Rod Culleton was declared elected as a Senator for WA following the 2016 federal election on 2 July. In March 2016, before the election, Culleton had been convicted, in his absence, of larceny. He had the conviction annulled on 8 August, after the election. He then pleaded guilty but no conviction was recorded. In the High Court it was argued for Culleton that the annulment retrospectively voided the conviction and that, because he had been convicted in his absence, he had not been liable to any term of imprisonment.

The High Court rejected each of these arguments, holding as to the latter that in section 44(ii) the reference to a possible sentence relates to the seriousness of the offence and not to the liability of a particular convict. It said:
Senator Culleton was a person who had been convicted and was subject to be sentenced for an offence punishable by imprisonment for one year or longer at the date of the 2016 election. That was so, both as a matter of fact and as a matter of law. The subsequent annulment of the conviction had no effect on that state of affairs. It follows from s 44(ii) that Senator Culleton was "incapable of being chosen" as a Senator. In the result, there is a vacancy in the representation of Western Australia in the Senate for the place for which Senator Culleton was returned.

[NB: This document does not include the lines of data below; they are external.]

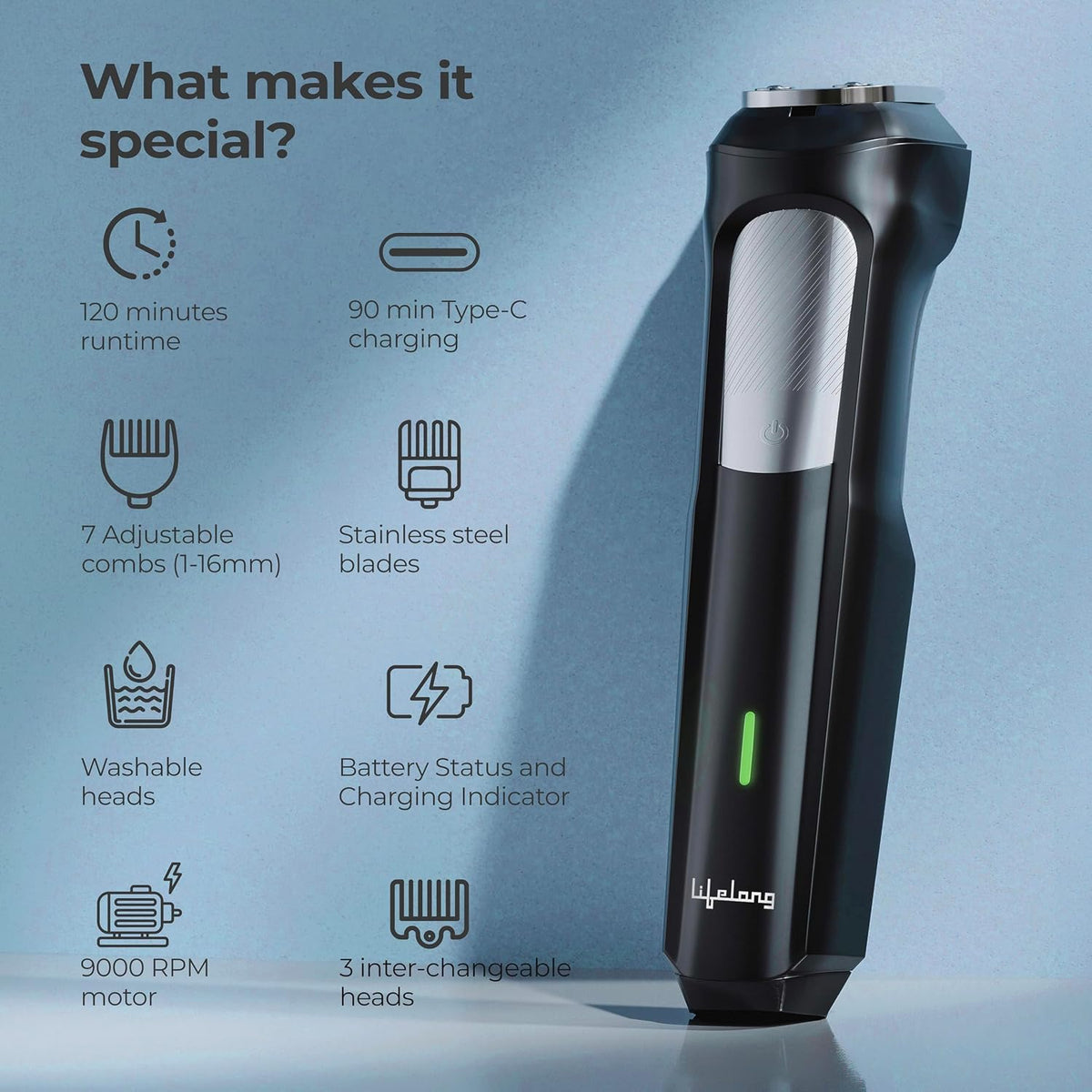 Lifelong Trimmer for Men All in One|Trimmer Men Beard| Full Body Groomer for Man, Grooming Kit for Hair, Nose, Ear, Private Parts|Shaving Machine with 7Combs, 1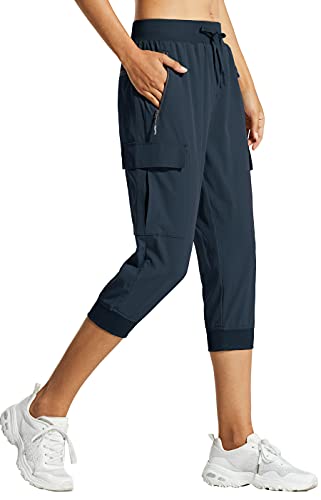 Libin Damen 3/4 Sommer Casual Cargo-Caprihose, Jogging Bottoms Leicht Stretch Wanderhose Trekkinghose, Quick-Drying, Sport, Workout, Lässige Outdoor-Hose, 03-Capris-New Navy, X-Groß von Libin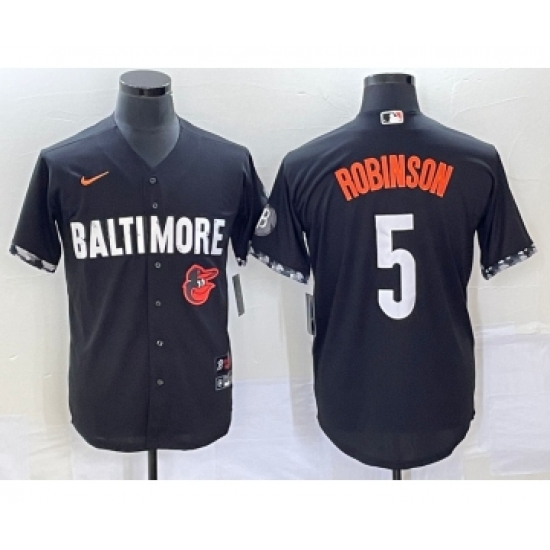 Men's Baltimore Orioles #5 Brooks Robinson Black 2023 City Connect Cool Base Stitched Jersey 1 - Ujersey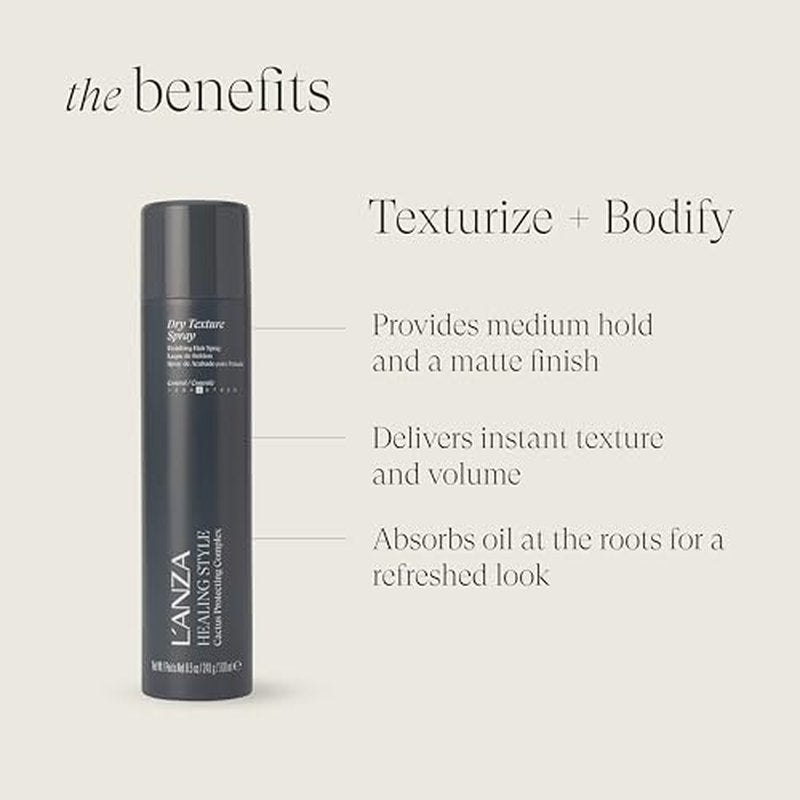 L'ANZA Healing Style Dry Texture Spray Dry Texture Sprays, Volumizing Hairspray, Touchable Fullness, Oil-Absorbing, Anti-Humidity, Color Safe Anti-Humidity Strengthening Care, Sulfate Free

===Three ministers and contempt of court (2017)===

Section 44(ii) nearly came into operation in June 2017, when three federal ministers were threatened with prosecution in Victoria for contempt of court. The ministers, all with law degrees, were Health Minister Greg Hunt, Human Services Minister Alan Tudge and Assistant Minister to the Treasurer Michael Sukkar. They had published in social media statements alleging that the Supreme Court of Victoria had been politically biased in handing down sentences for terrorism that the three considered to be much too light, and their statements had been reported on the front page of national newspaper The Australian. The Victorian Court of Appeal was soon to deliver judgment on prosecution appeals against the sentences. It asked the three, as well as staff of The Australian, to attend the court to comment on whether it should recommend that they all be prosecuted for contempt of that court, especially in that their statements could be read as attempting to prejudice the appeals. For each minister, a conviction could have engaged section 44(ii), resulting in their removal from the federal parliament; at that time the government did not have a majority in the Senate and had only a one-seat majority in the House of Representatives, of which all three ministers were members.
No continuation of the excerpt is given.